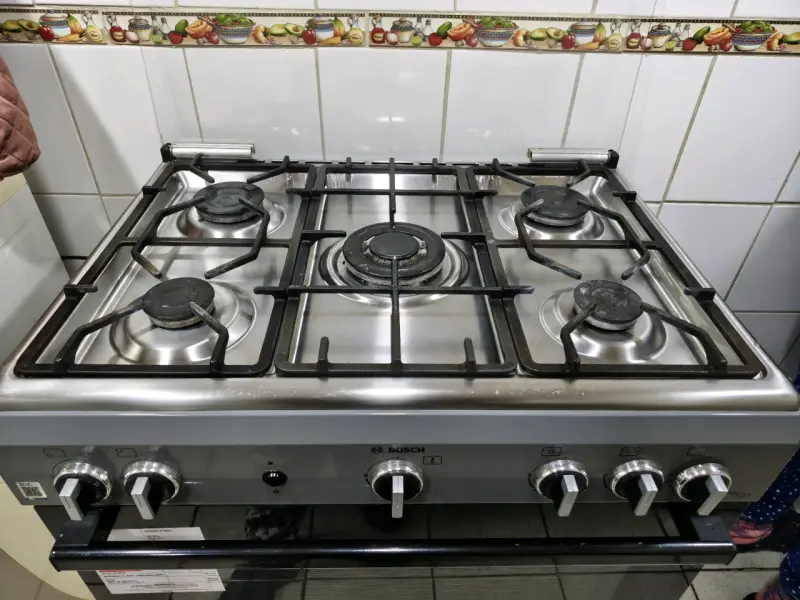 Cocina a gas Bosch de 5 quemadores - 3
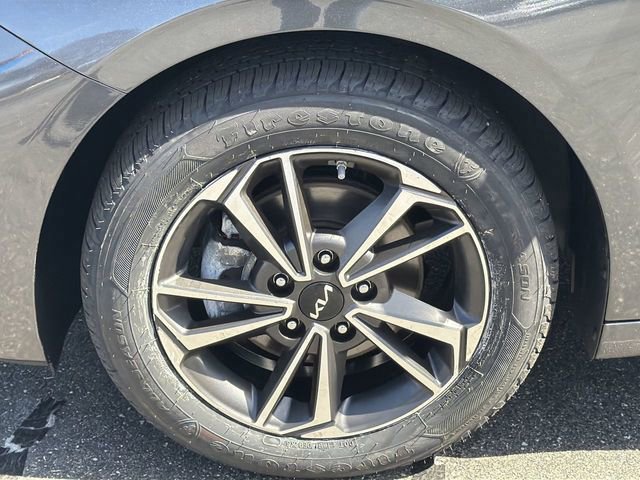 Used 2024 Kia Forte LXS w/ LXS Technology Package image 10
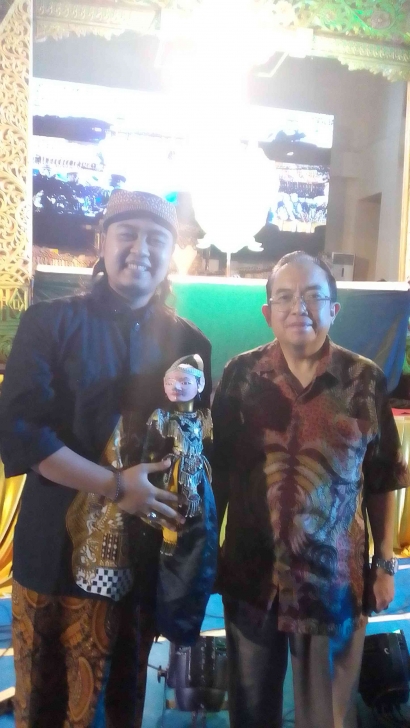 Presiden UNIMA Indonesia dan Ki Haryo Susilo Entus Susmono saat Pentas di UIN Salatiga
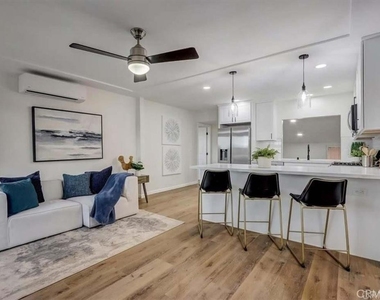 2705 Dennis Lane - Photo Thumbnail 2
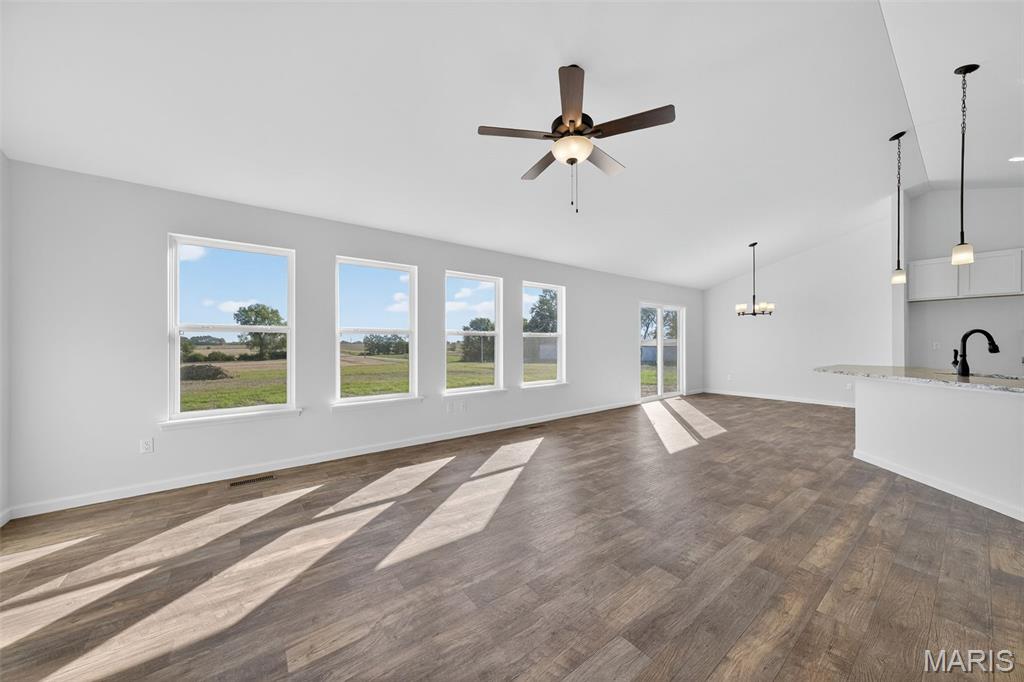 104 Tick Road Silex, MO 63377 - Photo 8 of 46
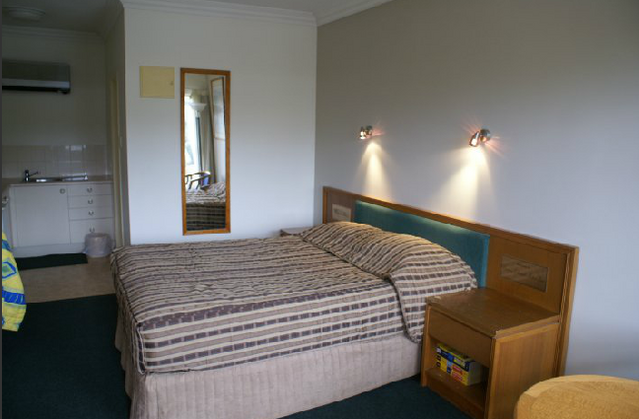 Coopers Colonial Motel - thumb 0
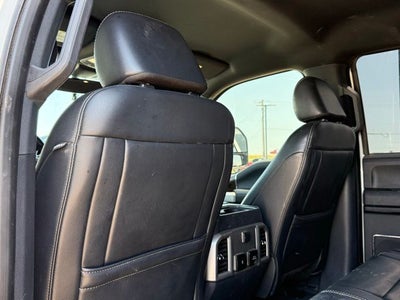 2022 Ford F-250SD Lariat Black Appearance Pkg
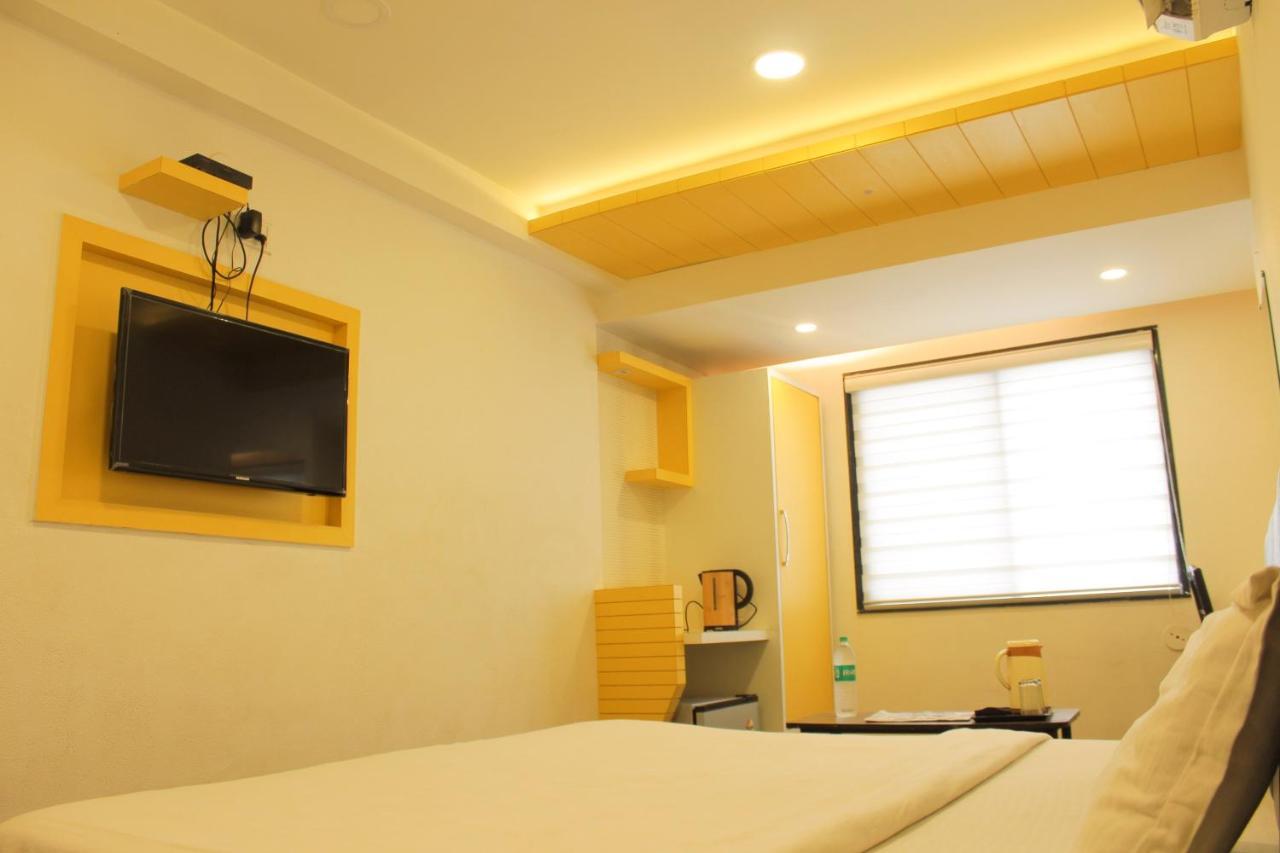 Hotel Maa Sharda インドール エクステリア 写真
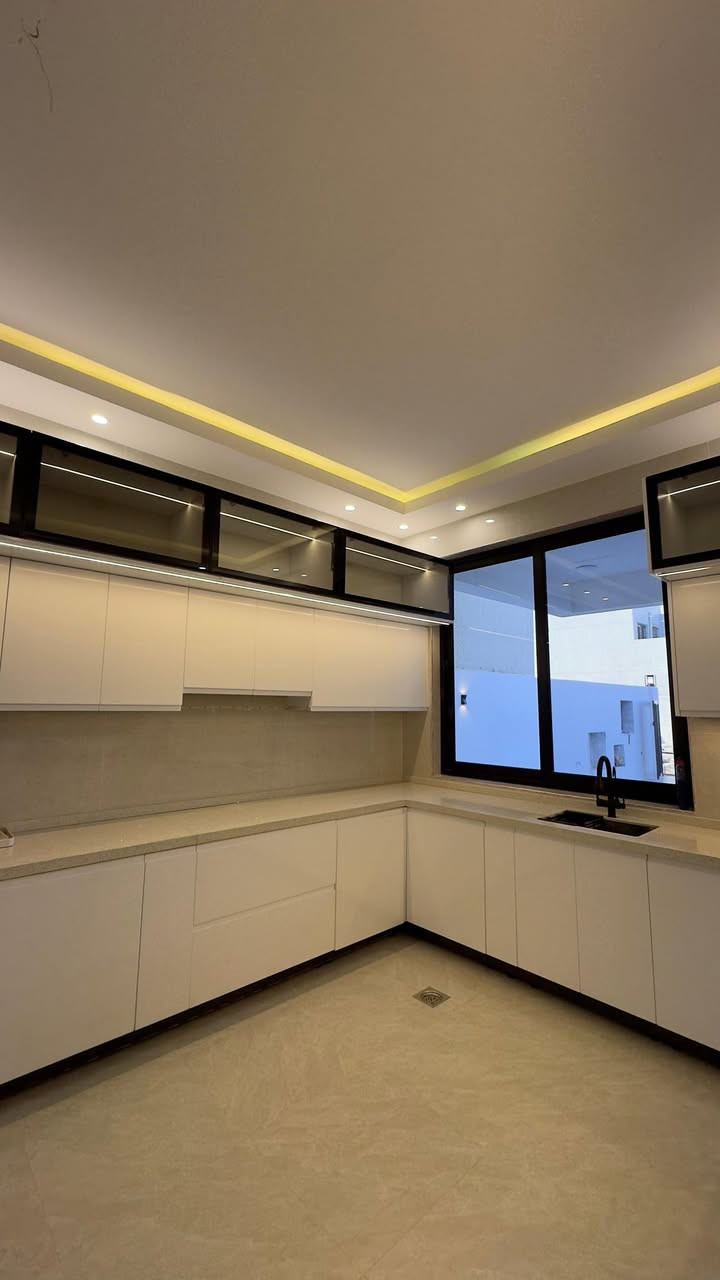 فرصة تملك بيت داخل مجمع سكني
📍 قرب تقاطع العامرية

🏠 250 م² – طابو صرف – كهرباء 24 ساعة

💰 سعر المتر: 1,700,000
💵 المقدمة: 150 مليون
📅 الباقي دفعات 4 سنوات

📲 احجز زيارة للنموذج
📞 ***********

Work request:
What you produce should repeat the data word for word while omitting all images.

Solution to this problem:
 Cocina a gas Bosch de 5 quemadores - 3
 Used 2024 Kia Forte LXS w/ LXS Technology Package image 10
 Presiden UNIMA Indonesia dan Ki Haryo Susilo Entus Susmono saat Pentas di UIN Salatiga
 2705 Dennis Lane - Photo Thumbnail 2
 104 Tick Road Silex, MO 63377 - Photo 8 of 46
 Coopers Colonial Motel - thumb 0
 2022 Ford F-250SD Lariat Black Appearance Pkg
 Hotel Maa Sharda インドール エクステリア 写真
 فرصة تملك بيت داخل مجمع سكني
📍 قرب تقاطع العامرية

🏠 250 م² – طابو صرف – كهرباء 24 ساعة

💰 سعر المتر: 1,700,000
💵 المقدمة: 150 مليون
📅 الباقي دفعات 4 سنوات

📲 احجز زيارة للنموذج
📞 ***********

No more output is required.